Shares of social-networking company LinkedIn Corp. jumped 81 percent to $81.76 on their first day of trading. It is the largest U.S. Internet IPO since Google Inc.

The Dow Jones industrial average rose 26 points, or 0.2 percent, at 12,586 in early trading. The Standard & Poor’s 500 index gained 2, or 0.2 percent, to 1,343. The Nasdaq composite index added 4, or 0.1 percent, to 2,819.

The Department of Labor reported that applications for unemployment dropped 29,000 last week, more than expected, to 409,000.

Two other reports raised doubts about the strength of the housing recovery and the overall direction of U.S. growth.

The National Association of Realtors said fewer people purchased previously occupied homes in April. The number of homes sold in foreclosure also declined.

The Conference Board reported that expectations for future economic activity decreased, based on its index of leading indicators. The private research group said the index fell 0.3 percent in April, the first decline since June 2010.

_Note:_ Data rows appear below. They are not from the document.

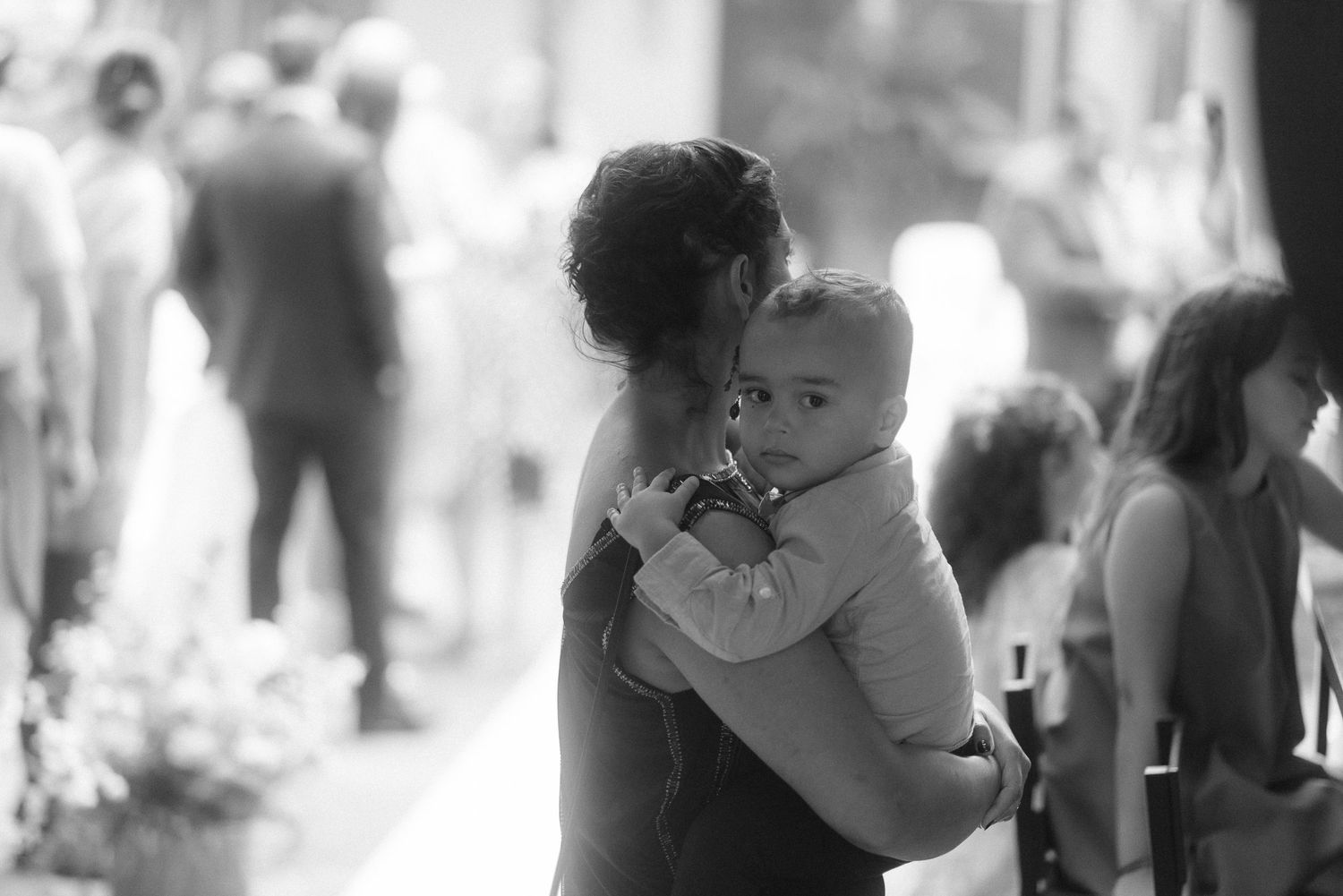 A parent holds a baby at a crowded outdoor gathering in black and white.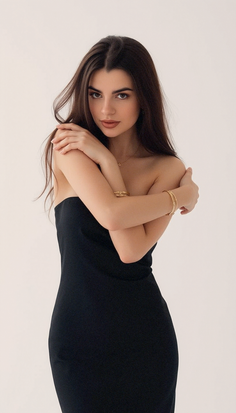 Woman with long dark hair wearing a black strapless dress and jewelry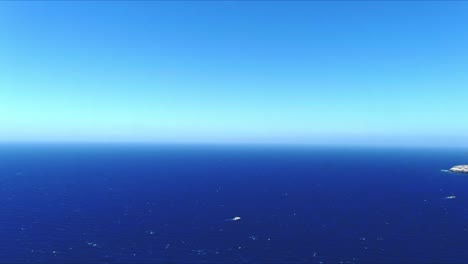 Aerial-4K-Blue-Sea-and-Sky-Top-View-Over-Akrotiri-Santorini-Greece-Horizon-Push-In
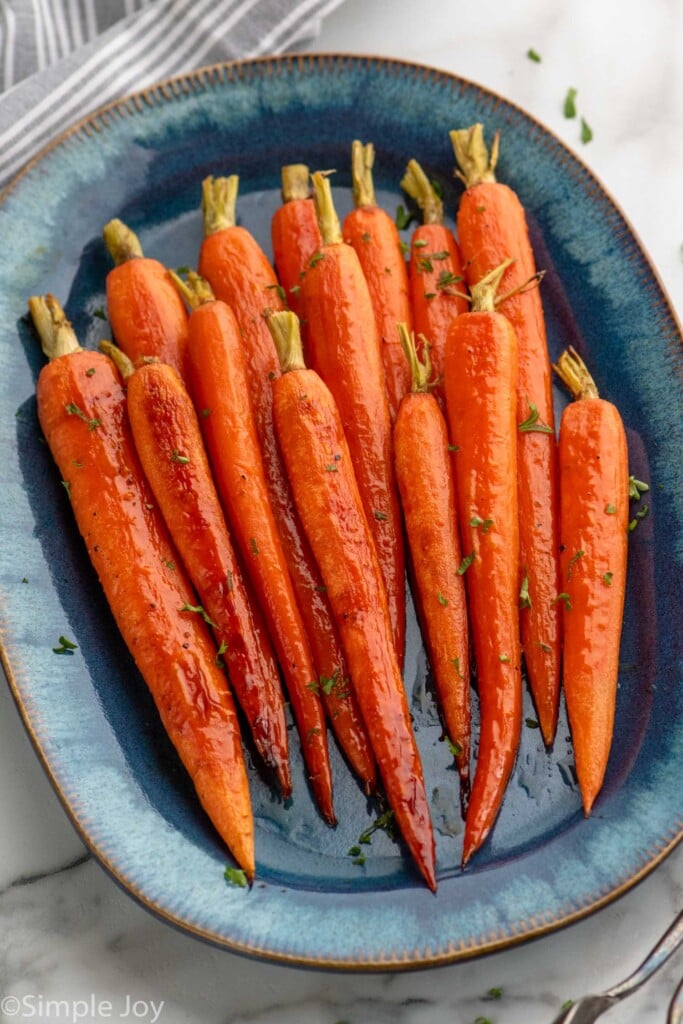 Overhead view of a platter with Honey Roasted Carrots on it.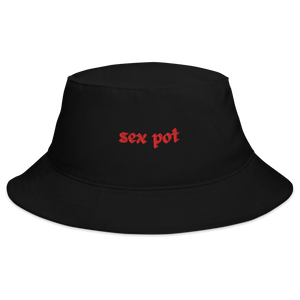 The Sex Pot Bucket Hat in Onyx black with red embroidered text from The Siq Collective flat lay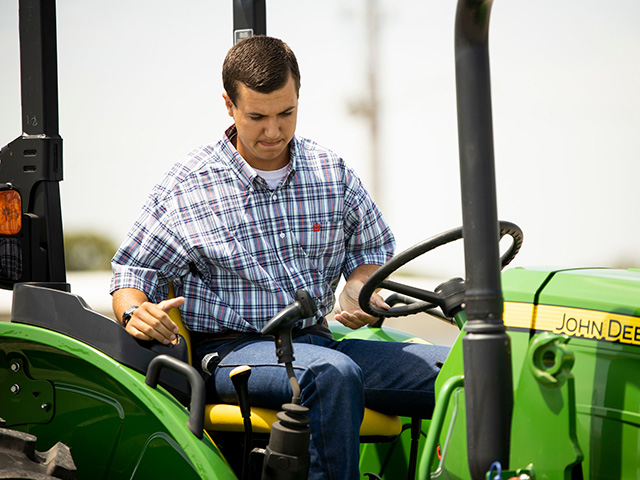 Boy driving a tractor in a tractor challenge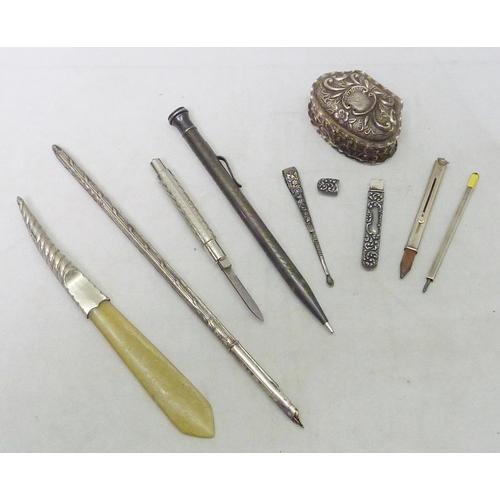 136 - A silver pencil holder, 49mm long; a bridge scorer pencil(?) white metal marked sterling; a silver p... 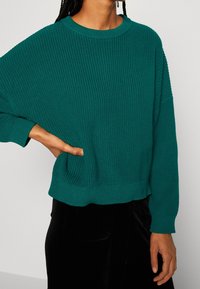 Miętowy sweter na drutach o luźnym kroju, szerokim dekolcie i teksturowanym wzorze. Posiada ściągacze na rękawach i krótki dół, stylizowany z czarnymi aksamitnymi spodniami.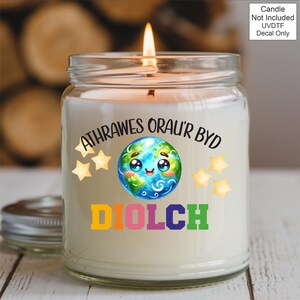 May include: A lit candle in a glass jar with a silver lid. The jar has a decal with a smiling Earth graphic, stars, and the words "ATHRAWES ORAU'R BYD" and "DIOLCH" in colorful letters. The background is blurred.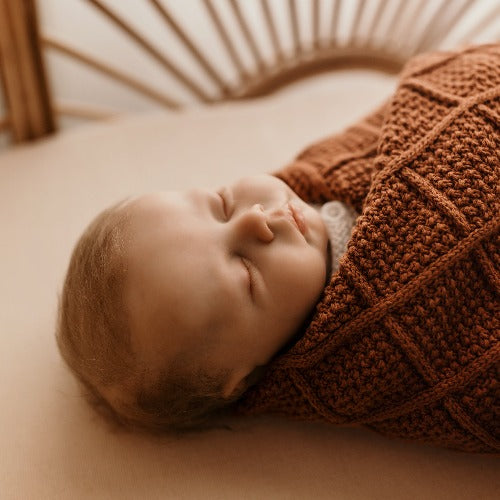 newborn baby laying in a rattan bassinet wrapped in a snuggly jacks organic knitted blanket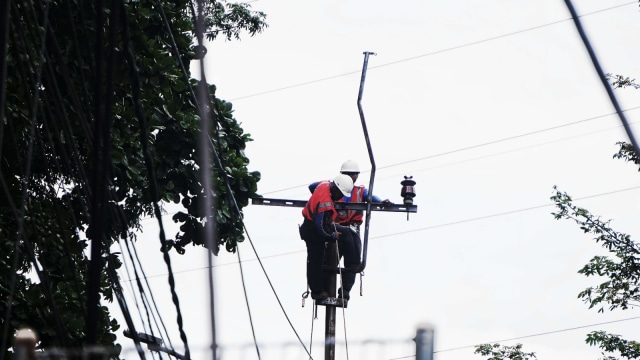 Para pekerja sedang membongkar jaringan listrik udara untuk ditanam ke bawah tanah. (Foto: Helmi Afandi Abdullah/kumparan)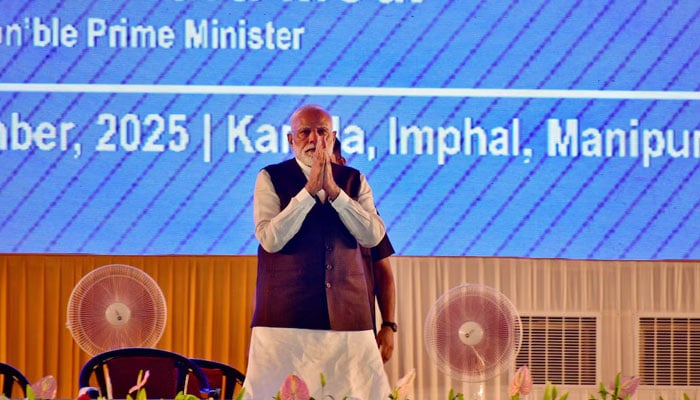 Indias Prime Minister Narendra Modi greets supporters upon his arrival at a public meeting in Imphal, in the northeastern state of Manipur, India, September 13, 2025. — Reuters
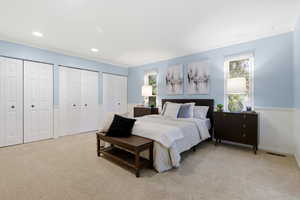 Carpeted bedroom featuring multiple closets and ornamental molding
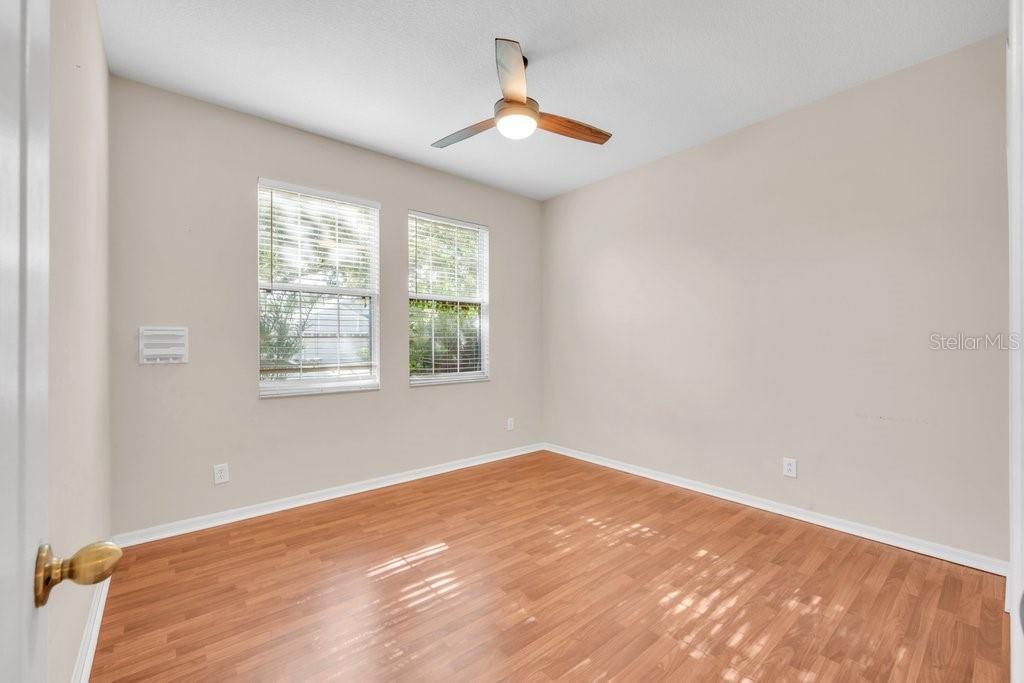 An empty bedroom with light-colored walls, wood-look flooring, two windows, and a ceiling fan — 6105 GANNETSIDE PLACE, LITHIA, FL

In a sign that the U.S. consumer recovery remains uneven, Big Lots Inc. fell 9 percent to $34.31 after news reports that it decided not to sell itself. The Wall Street Journal said late Wednesday that the company received bids from two private-equity groups that were lower than it had hoped.

Sears Holding Corp. reported softer sales at its Kmart and Sears stores, causing a first-quarter loss of $1.58 per share, worse than analysts expected. The stock fell 3.2 percent to $73.31.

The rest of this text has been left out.